A 1982 graduate of Vanderbilt, Ingram has been extensively involved in the support of cancer research at Vanderbilt. He has chaired the Vanderbilt-Ingram Cancer Center Campaign and the Cancer Center's Board of Overseers and is a member of the Canby Robinson Society. He is president and CEO of Ingram Industries Inc., headquartered in Nashville. He also serves as chairman of Ingram Barge Company and is director of the publicly traded Ingram Micro. Ingram is on a number of boards, including the Boys and Girls Clubs of Middle Tennessee, Friends of Warner Parks and Center for Nonprofit Management. He is on the Advisory Council of Nashville CARES (Council on AIDS Research, Education and Services) and headed the 2000 fund-raising campaign for the United Way in Nashville.

Moore, a 1973 graduate of the Vanderbilt Law School, is a member of the Law School Alumni Board and served as its president in 1994. He chaired the recent Law School Building Campaign Committee and has been a member of the Dean's Council since 1988. He was a member of the national committee for the Campaign for Vanderbilt. Moore currently is chairman, president and CEO of Union Planters Corporation in Memphis. He also is director of PSB Bancshares Inc. and a vice president and director of its subsidiary, Peoples Southern Bank, located in Clanton, Ala., and Capital Factors Holding Company. Moore served as director of Corrections Corporation of America from 1997 to 2000. He is a member of The Financial Services Roundtable.

Riven, who received his undergraduate degree from Vanderbilt and attended the Law School, has chaired the University College Cabinet. He has also been a member of the Medical Center Board and the Canby Robinson Society. He is managing partner of Avondale Partners, a securities firm in Nashville. He is on a number of boards, including those of the Equitable Trust Company, The Frist Center for the Visual Arts and Montgomery Bell Academy. He has been a board member for the Friends of Warner Parks, The Jewish Community Center, The Temple and Harpeth Hall School, to name a few.

Nasmyth, a communications studies and psychology major, is the co-chair for the Multicultural Affairs Committee of the Student Government Association. As a member of Student Government Association's cabinet, he has helped initiate programs to improve multiculturalism and diversity at Vanderbilt, including the foundation of the Diversity Action Group to explore specific academic and social issues related to Vanderbilt's minority populations. He is a member of the Black Student Alliance, Baptist College Ministry, Campus Crusade for Christ and Soul II Soul.

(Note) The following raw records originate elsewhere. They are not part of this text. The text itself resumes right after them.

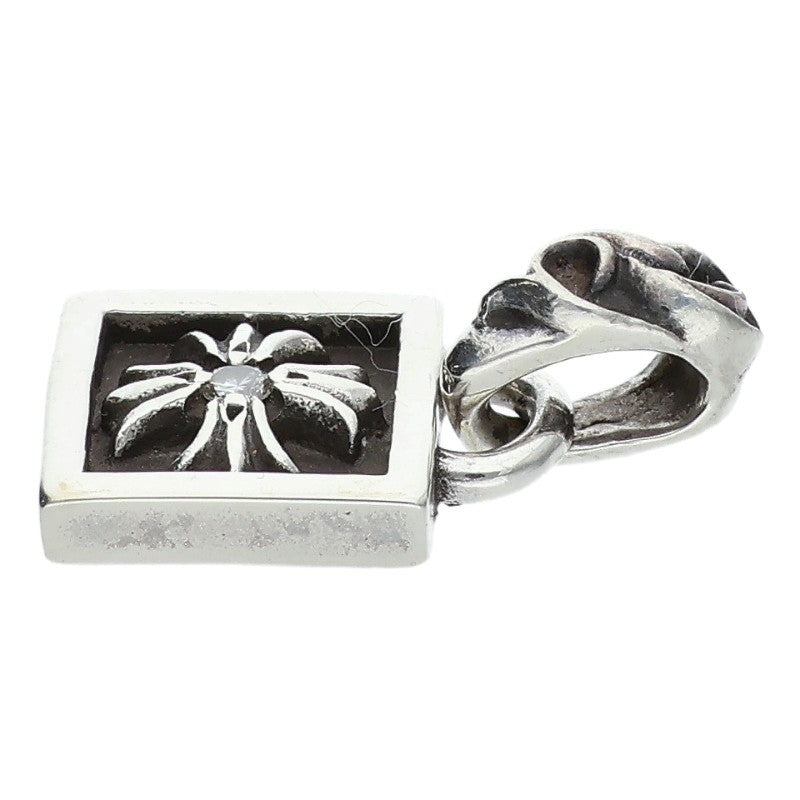 Chrome Hearts FRAMED CH PLUS 1DIA Silver Pendant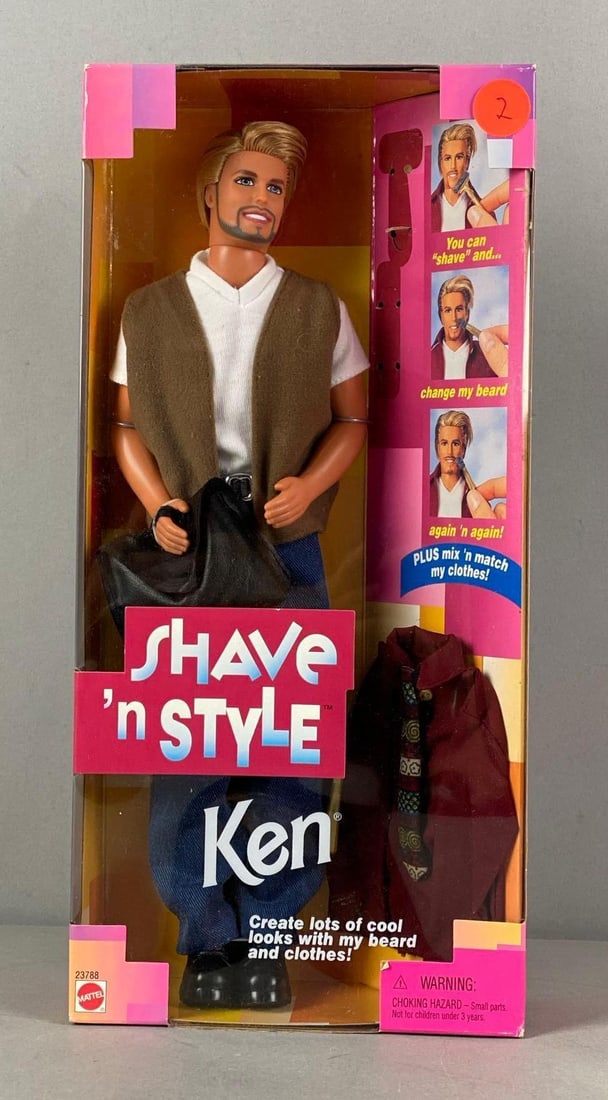 1999 Mattel Shave n Styler Ken Fashion Doll: Like new in box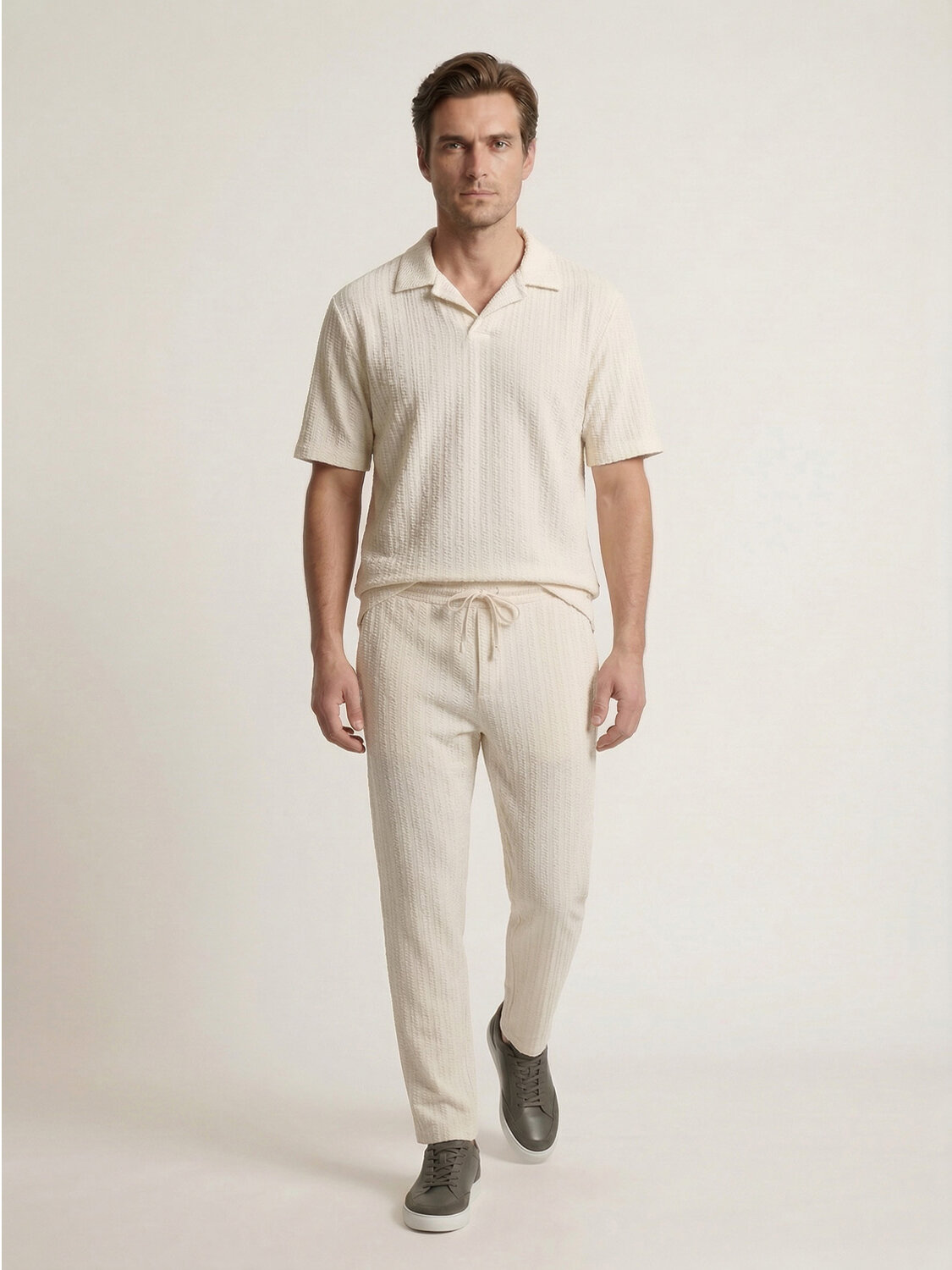 Naturel Keten Karışımlı Regular Fit Tişört (1)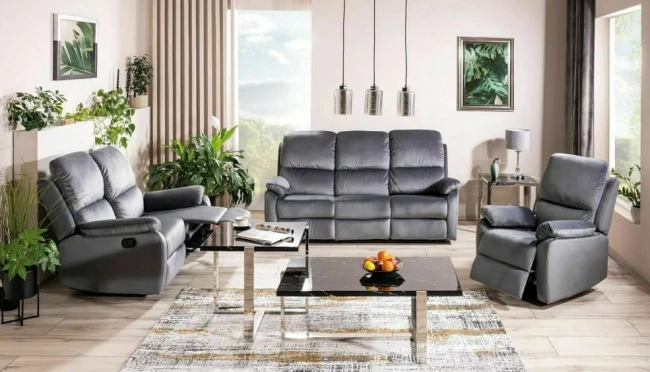 SOFA Z FUNKCJĄ RELAKS SPENCER 3 VELVET SZARY BLUVEL 14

Vanderbilt set a national precedent in 1968 when the Board of Trust voted to elect a graduating senior to its membership each year. The students in the junior and senior classes as well as those from the most recent graduating class select their candidate for young alumni trustee. The candidate is recommended by the Alumni Association to the Board of Trust for four-year membership.